Among the things we will cover at the May workshop on Motion Practice and Discovery, are the many ways the pretender lender lenders are obfuscating the truth. Practitioners and litigants need to know the progression of building a case and the progression of presenting a case. They are not the same thing. Pleading-Motions-Hearings-Argument-Exhibits-Raising Issues of Fact- Discovery-Evidentiary hearings is the rough order of things while lawyers may have stylistic differences. Here are your bullet points when you go to court:

  • The money for the funding of the borrower’s loan came from the investor. Thus the borrower is or at least was the debtor and the investor is or at least was the creditor. In old style transactions the borrower would sign a note and it would be kept by the bank that gave him the loan. Why? Because the note was evidence, presumptively correct of the terms of the obligation that came into existence when the borrower accepted the benefits of the funding of the loan.
  • If the borrower did not execute a note, the obligation would still exist, if the borrower accepted the benefit of the funding the loan.
  • If the bank did not fund the loan, the note would not be evidence of any obligation, because there was no obligation. Signing a note does not create the obligation. It is the monetary transaction — the transfer of actual money — that gives rise to the transaction.
  • In securitized residential mortgages, the borrower signs a note which is conveyed to the investor as the lender by way of a mortgage backed bond. Hence the evidence of the holder of the note is in the bond.
  • The only place to start is where the bond was issued and to see the bond that conveyed the ownership interest in the loan pool to the investor.
  • So you want them to produce all the mortgage backed bonds that conveyed an ownership interest in the pool. Without the bond there is no evidence of who owns the note.
  • Remember the terms of the bond: (1) conditional non-recourse payment of interest; (2) conditional non-recourse payment of principal; and (3) conditional non-recourse conveyance of the borrower’s note. The SPV that issued the bond is not the actual Payor or obligor on the Bond. The mortgage backed bond is strictly dependent upon the various conditions, provisions and terms contained in the indenture, prospectus, pooling and service agreement and assignment and assumption agreement.
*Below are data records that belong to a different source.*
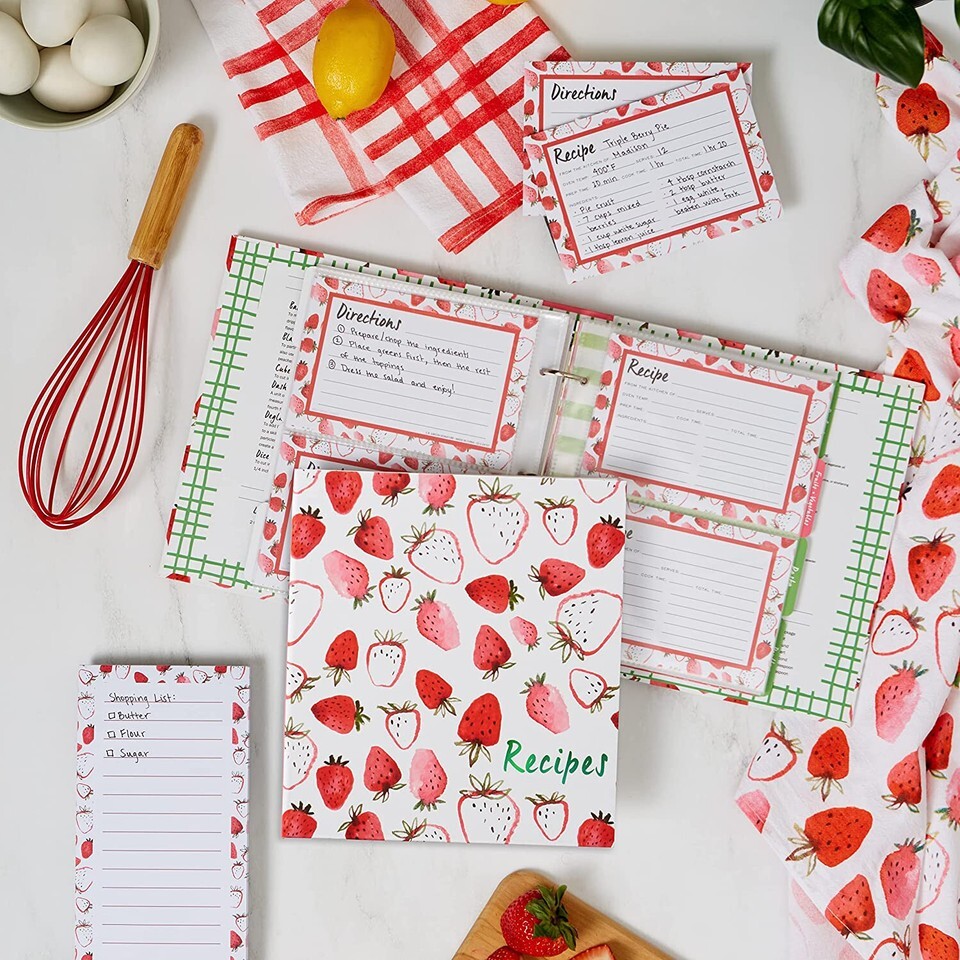 Strawberry Fields Recipe Book 3-Ring Card Pocket Binder 9 x 9.4 L" Item image 7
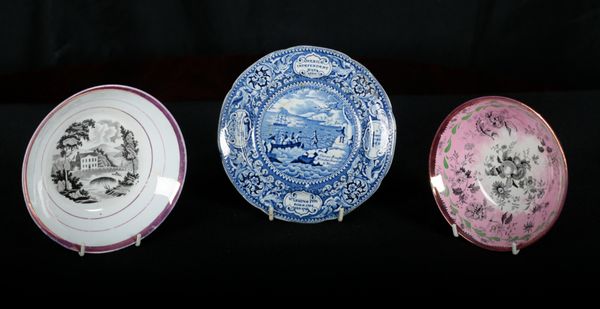 A LATE 18TH / EARLY 19TH CENTURY ENOCH WOODS PEARLWARE POTTERY AMERICAN INDEPENDENCE PLATE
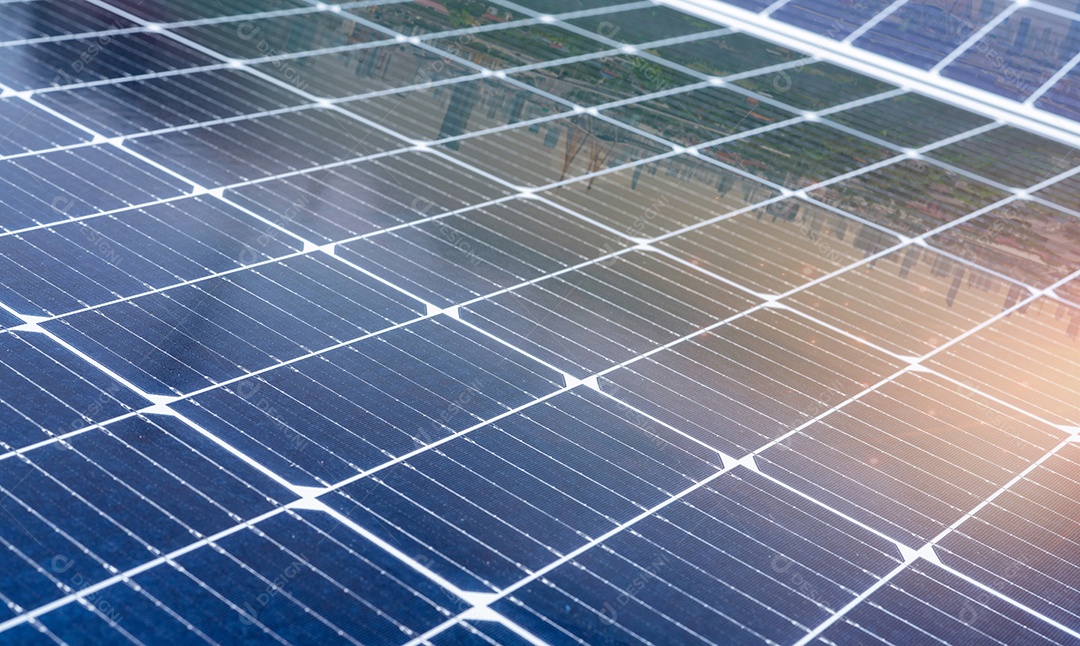 Foco seletivo em painéis solares ou módulo fotovoltaico.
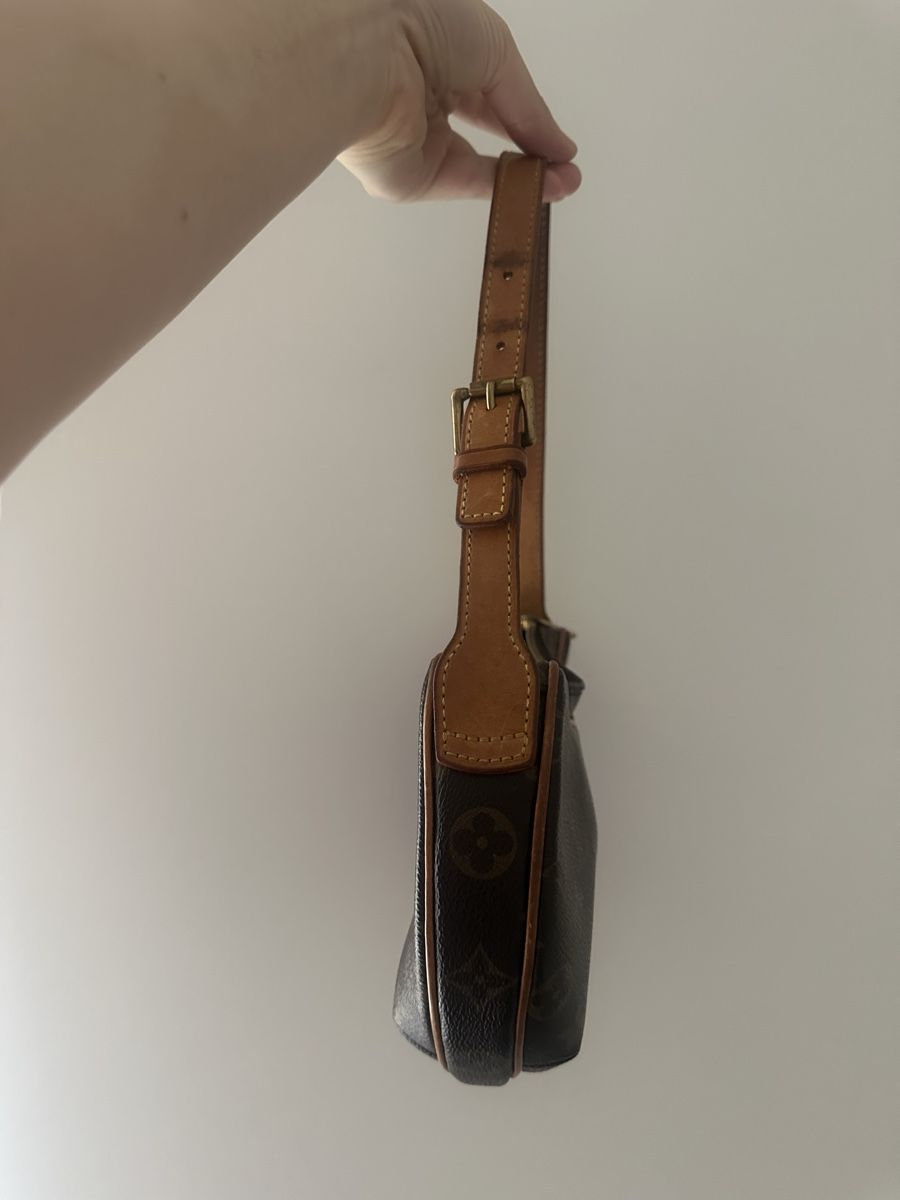 Louis Vuitton Borse da donna: Louis Vuitton croissant bag – Usato da Mülligen venduto da Terezah 5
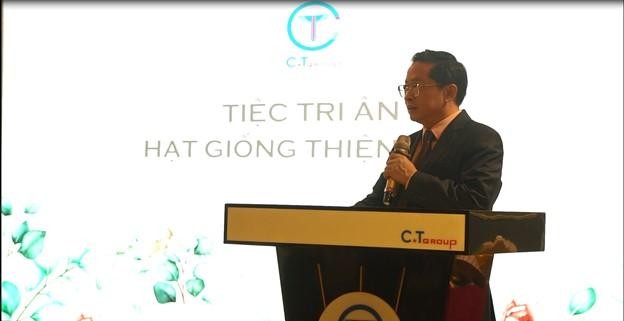 Phát biểu tại chương trình, ông Trần Kim Chung - Chủ tịch Tập đoàn C.T Group chia sẻ góc nhìn 3 chiều trong mối liên kết giữa 3 Nhà: Nhà trường; Nhà Phát triển nguồn Nhân lực và Nhà đầu tư vào con người. Phát biểu tại chương trình, ông Trần Kim Chung - Chủ tịch Tập đoàn C.T Group chia sẻ góc nhìn 3 chiều trong mối liên kết giữa 3 Nhà: Nhà trường; Nhà Phát triển nguồn Nhân lực và Nhà đầu tư vào con người.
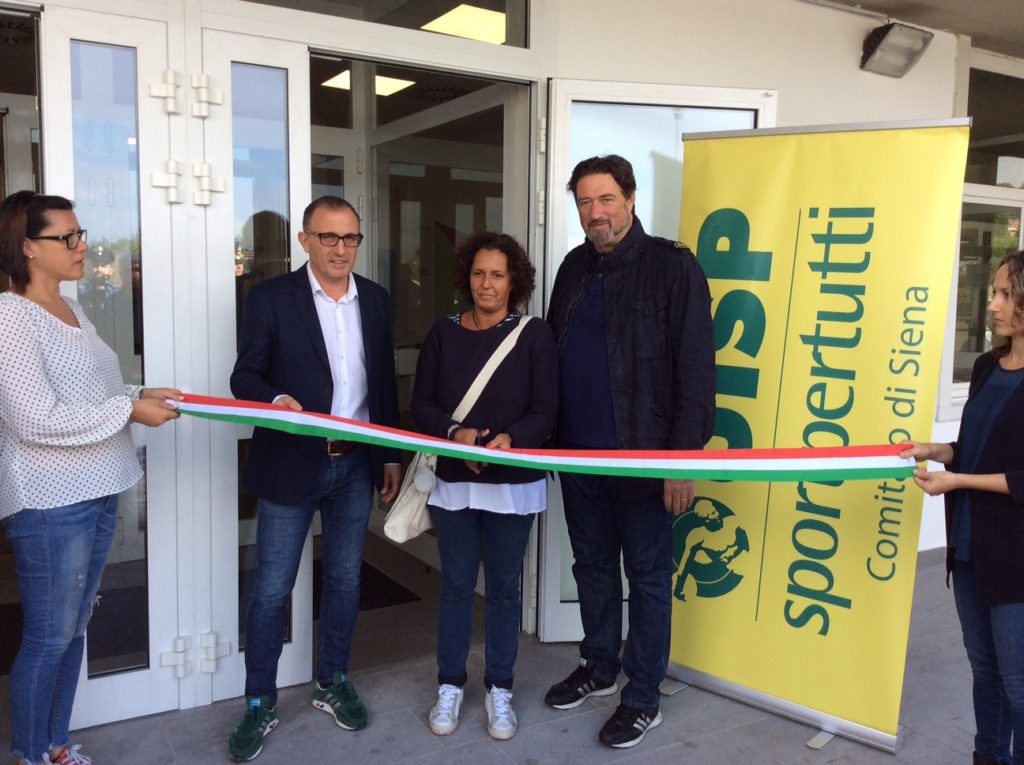 Presentato il nuovo look della piscina dell'Acquacalda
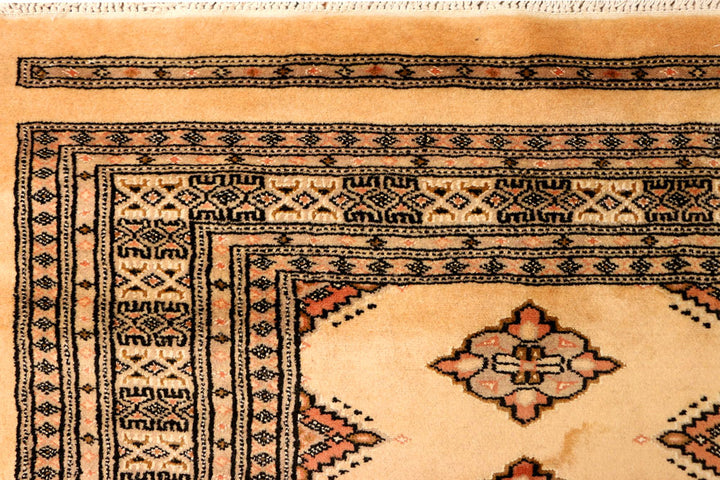 Navajo White Jaldar 5' 7 x 8' 2 - No. 38337 - ALRUG Rug Store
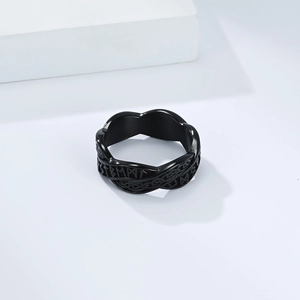 Noorse viking rune ring van zwart roestvrij staal met gedraaide eeuwigheidsknoop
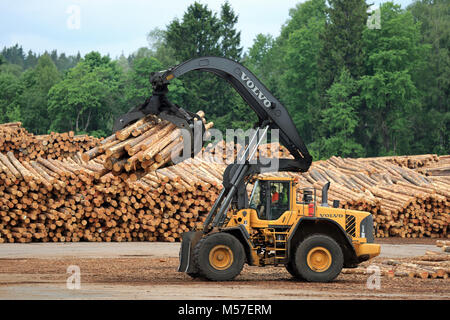 KYRO, Finnland - 7. JUNI 2014: Volvo L 180 F High Lift Radlader an Sägewerk Holzplatz arbeiten. Der Arm ist in der Lage, eine Hubhöhe von 5,8 Stockfoto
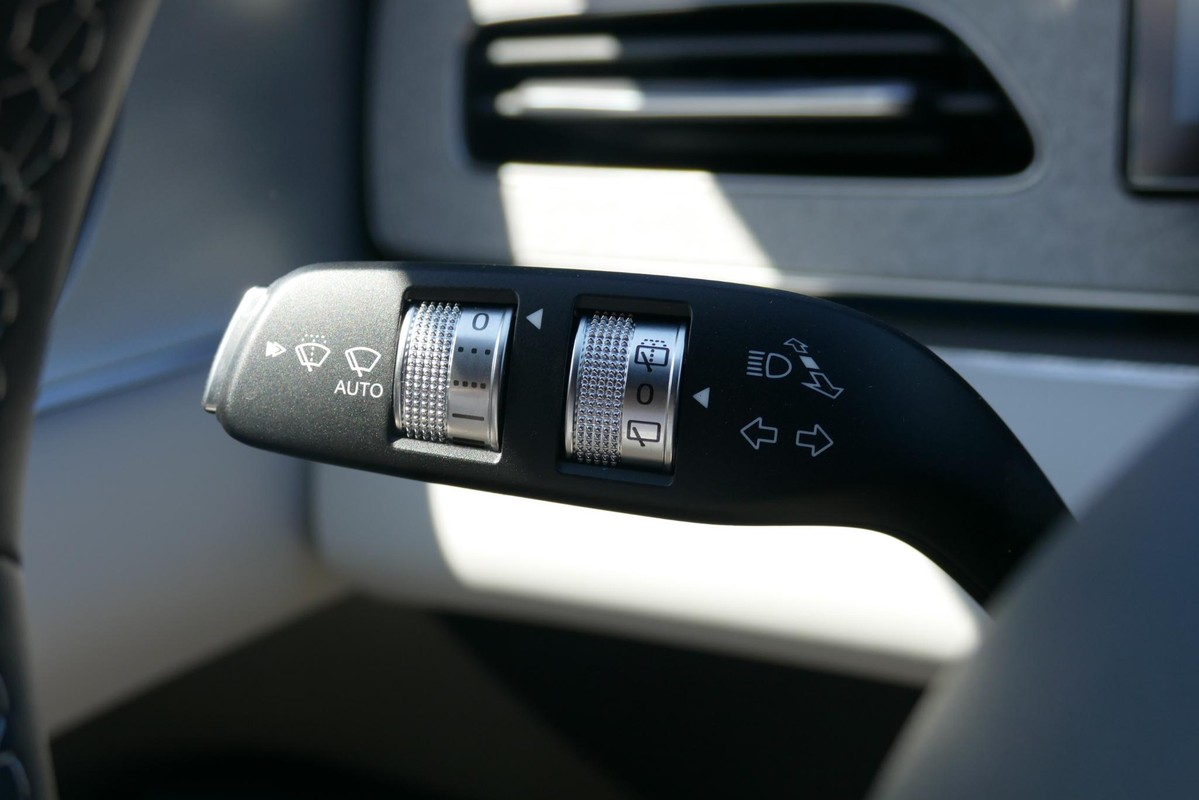 BYD SEAL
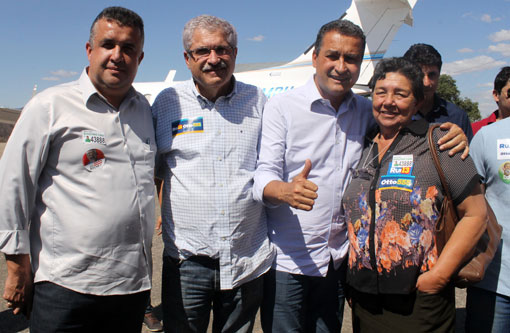 Barra da Estiva: Prefeito Dinho e ex-prefeita Dona Lúcia recepcionam Rui Costa em Brumado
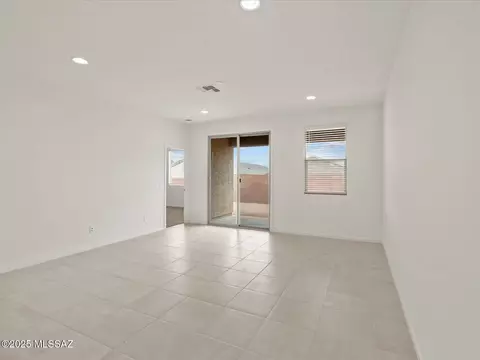 Living - 12591 E Remi Dr, Vail, AZ 85641 photo 4 of 5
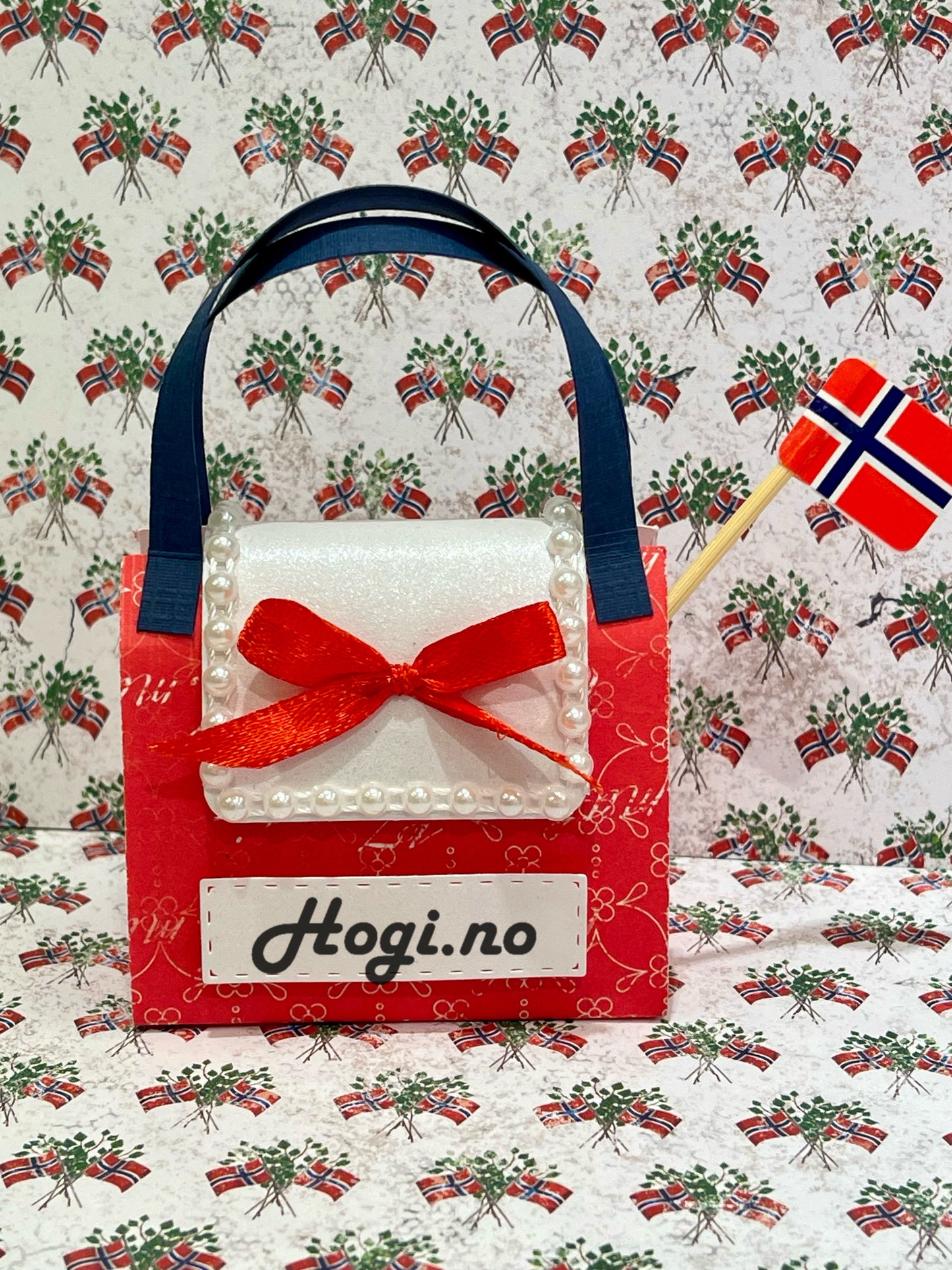 NYHET til INTRODUKSJONSPRIS! Hobbypakke: Skjønn liten veske - bordkort 😍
  • Hence legally the note is “given” to the investor both as collateral and as owner for the obligation acquired when the investor advanced funds to purchase these unregistered securities.
  • The reason why “show me the note” is so powerful is that 40% of them were destroyed and the pleaders have no credible story to explain why or when (key elements in establishing a “lost instrument”).  But the reason it creates a trap door for borrowers is that 60% of the time they do have the note, or they create one using advanced color copying and printing technology off of copies. So if you don’t know the story behind securitization and the litigation tools — motions, discovery, compelling answers, use of qualified written requests etc. you are left with your mouth hanging open.
  • Since you know the loan has a 96% statistical probability of having been securitized, you know that an investor funded it, you have a forensic analysis and expert declaration to support and corroborate your pleading and argument, and a question of fact exists as to how and when the investor received and/or parted with possession of the note and under what circumstances.
  • The only way then that the transaction can be completely presented in court or out of court is for the them to show you the note AND SHOW YOU THE BOND WITH THE INVESTOR’S NAME ON IT. This requires a request to produce the minute books, trustee’s records and actual copies of the certificates, or failing that the names, addresses and contact information of the investor, so you can get a copy from them and find out if they still have it or if they ever had it.
  • You may find they never received the note. You may find that the “depositor” or “trustee” or any other “entity in the securitization chain either never received the note or doesn’t have it anymore. That doesn’t mean the obligation is dead. It means that the two pieces of evidence of the obligation are deed and the court has the power to reform the transaction into what “the parties” (i,e, the real parties) intended.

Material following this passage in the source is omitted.